▶ [ASSIGNED TASK] Reproduce word for word the lines between the one containing "Villa in Saint" and the end of the entries below, both inclusive; leave out pictures.

(Records drawn from a dataset)
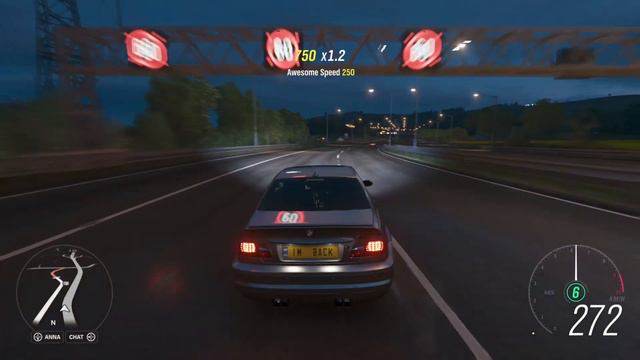 Forza Horizon 4 - Weekly Challenge Spring Forzathon with 2005 BMW M3 | Xbox one gameplay смотреть онлайн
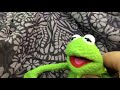 Kermit And Grover The Plumber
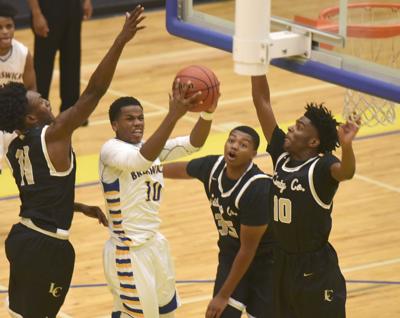 Brunswick Boys Girls Sweep Liberty County Local Sports The
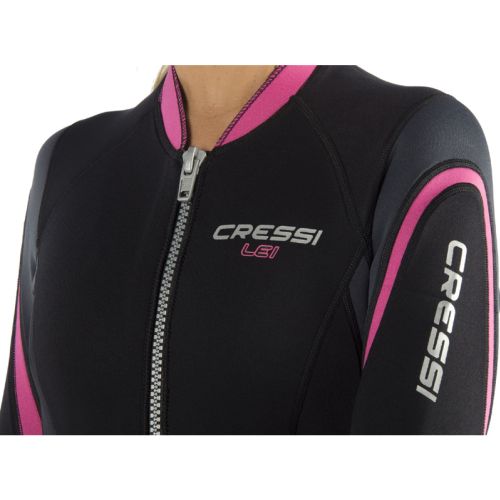 Cressi skafander Lei 2.5 mm damski (LU478001)
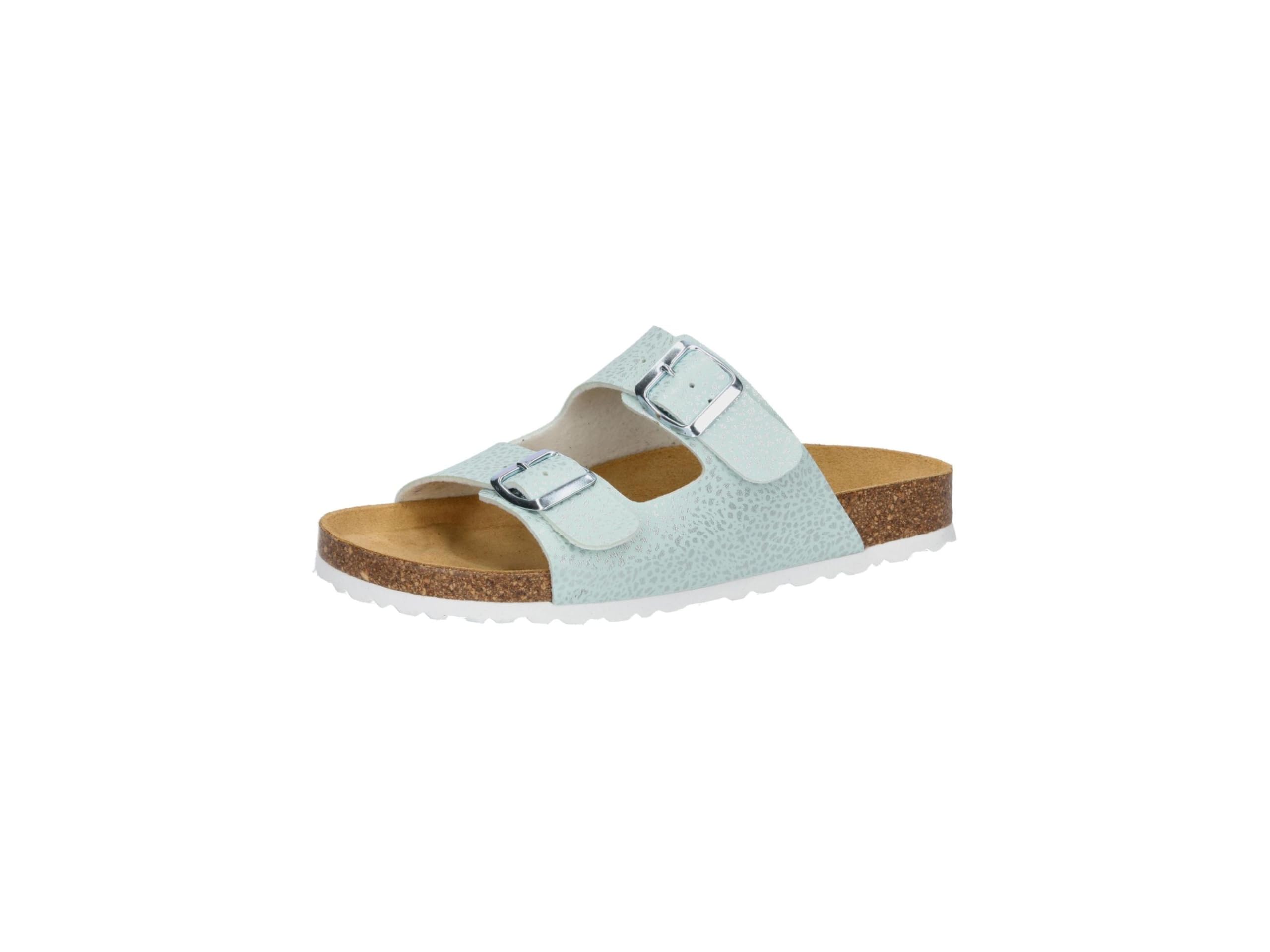 Lico Men's Bioline Kids Mules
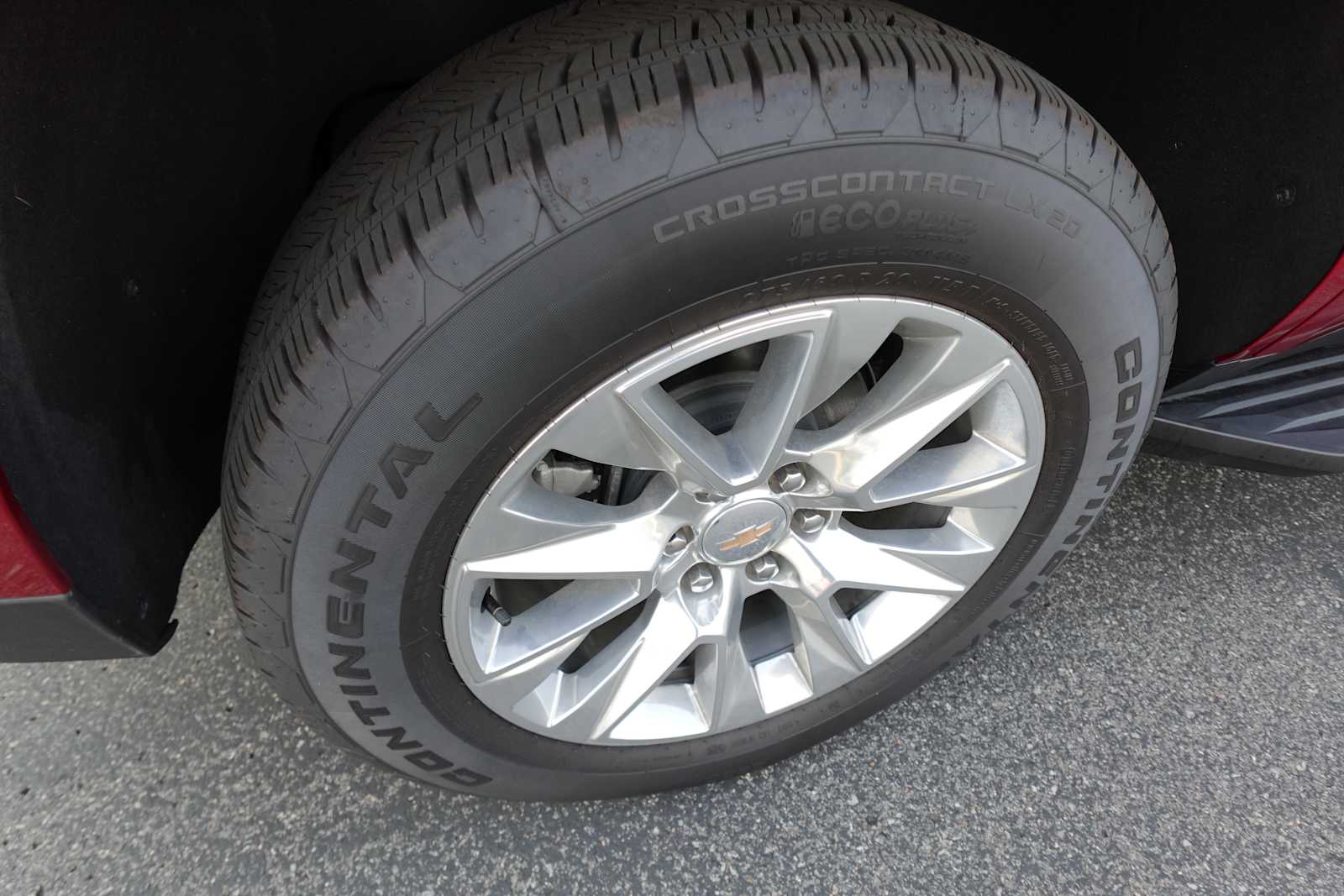 2026 Chevrolet Tahoe Premier - Photo 34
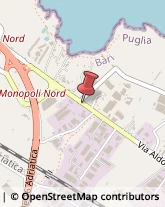 Viale Aldo Moro, 7,70043Monopoli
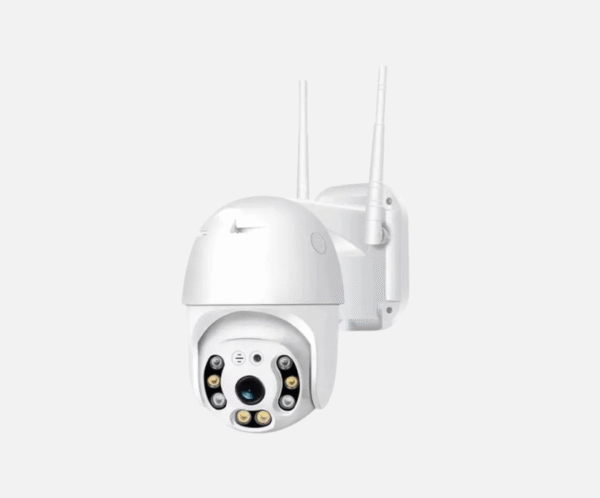 Outdoor Waterproof Camera 1080P IP66 PTZ WiFi IP Security Camera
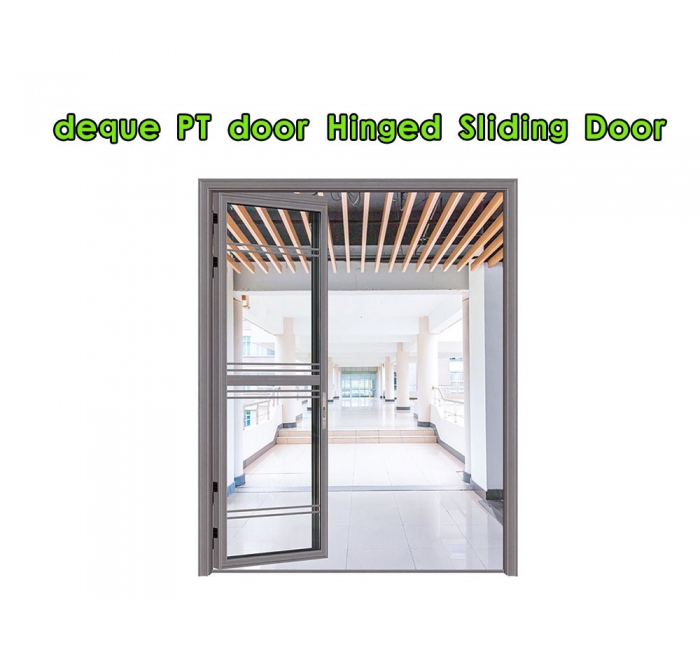 PT doors glass style 0515
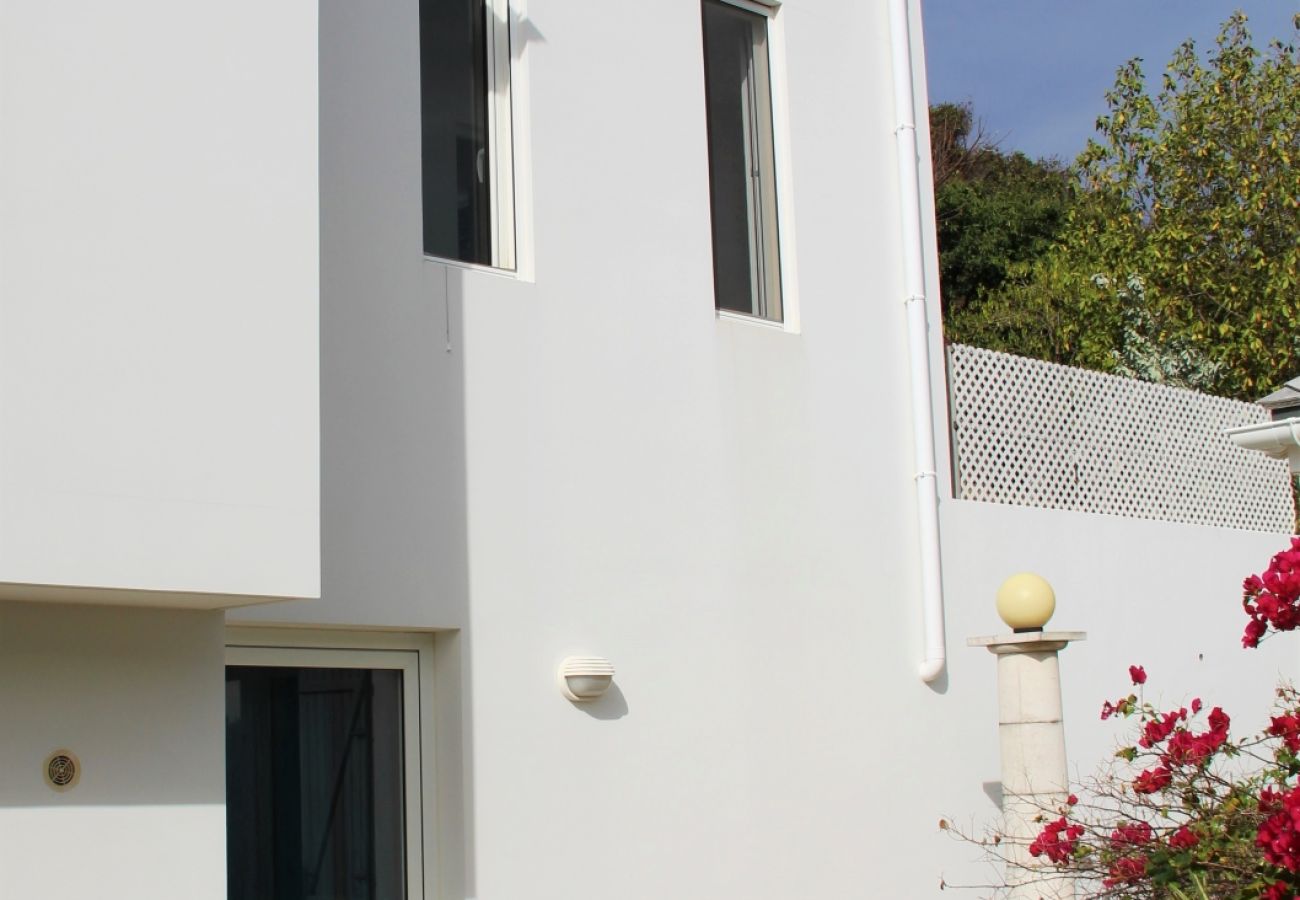 Villa in Saint Barthélemy - Villa Lo Scoglio St Barths 3-bd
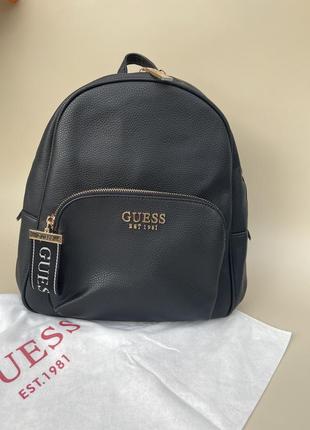 Рюкзак guess1 фото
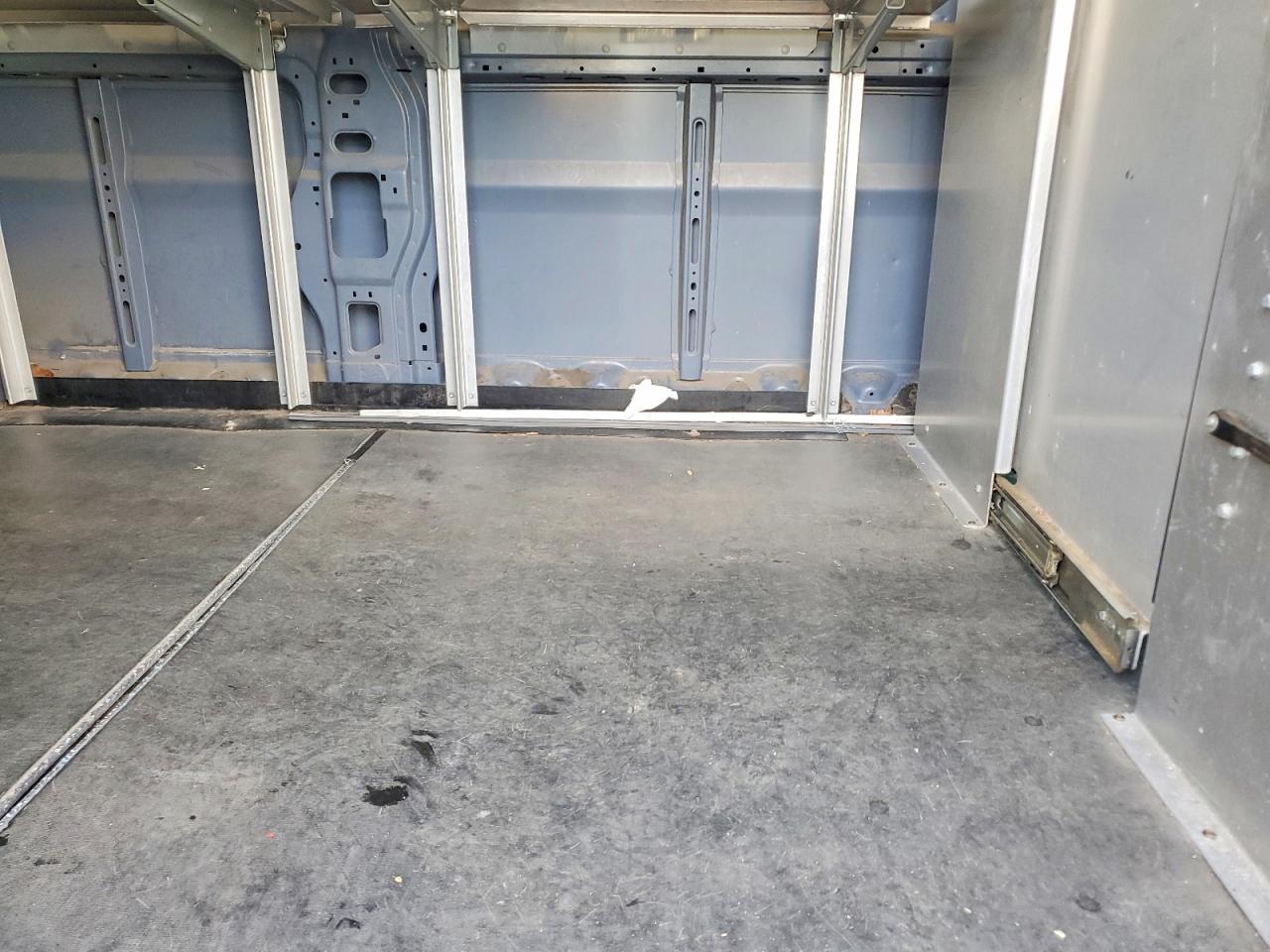 Ram Promaster 1500 High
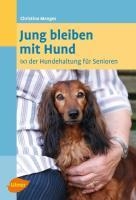 Jung bleiben mit Hund voorzijde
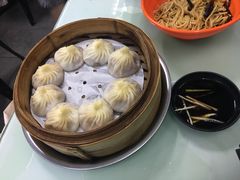 -食惠里小笼包面馆(越秀店)
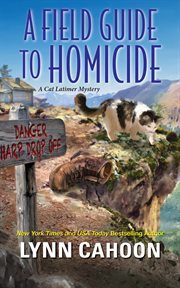 A field guide to homicide cover image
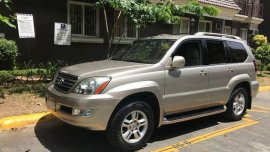 Lexus GX 470 2004 for sale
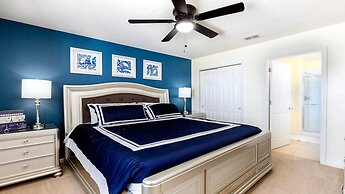 Cozy 6br Home w/ Private Pool Spa in Windsor Hills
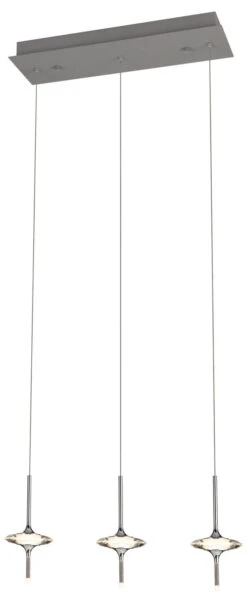 Light Year Linear Suspension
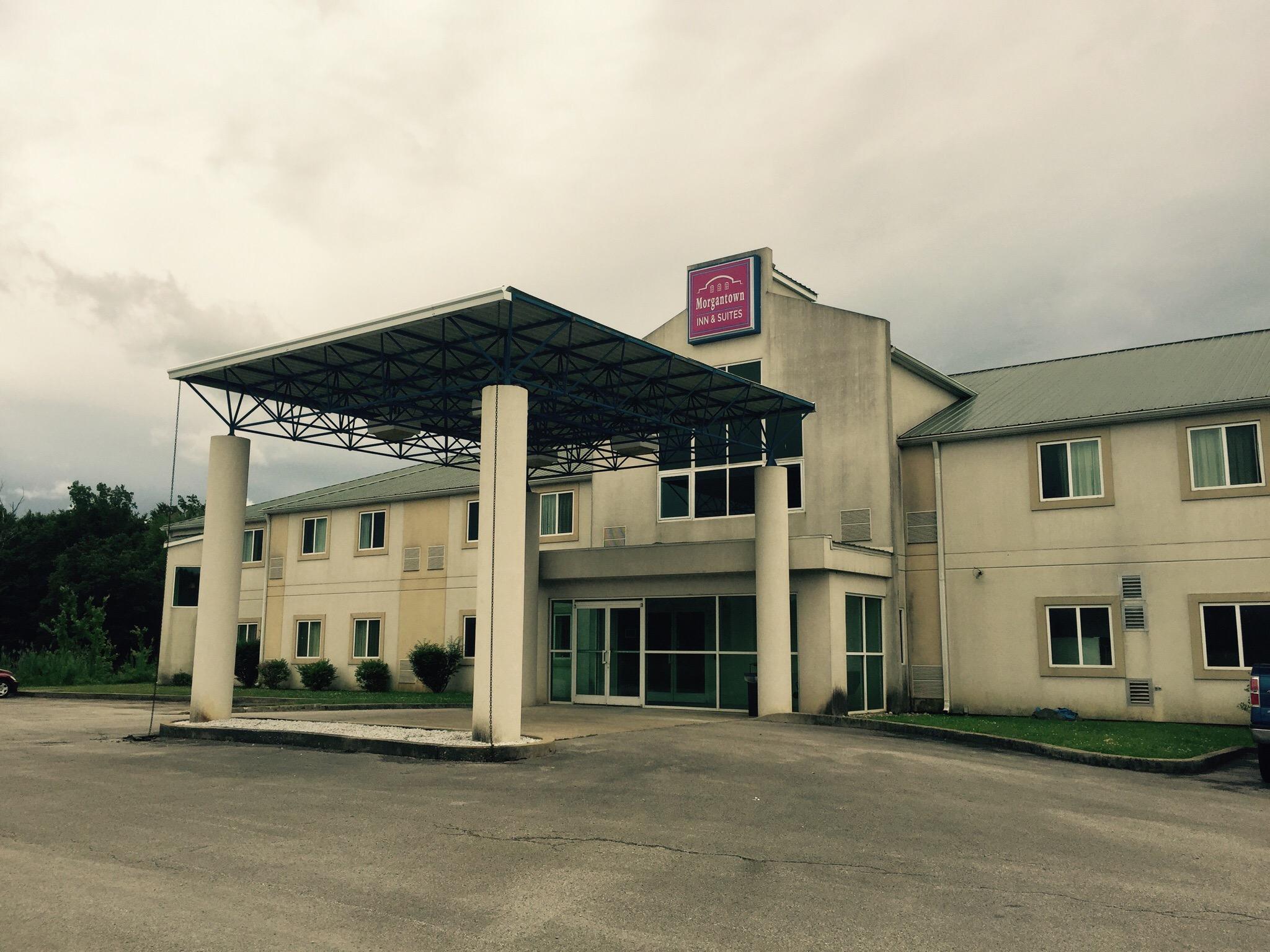 Morgantown Inn & Suites-客卧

▶ [THE COMPLETED TASK]
 Villa in Saint Barthélemy - Villa Lo Scoglio St Barths 3-bd
 Рюкзак guess1 фото
 Ram Promaster 1500 High
 Jung bleiben mit Hund voorzijde
 -食惠里小笼包面馆(越秀店)
 A field guide to homicide cover image
 Lexus GX 470 2004 for sale
 Cozy 6br Home w/ Private Pool Spa in Windsor Hills
 Light Year Linear Suspension
 Morgantown Inn & Suites-客卧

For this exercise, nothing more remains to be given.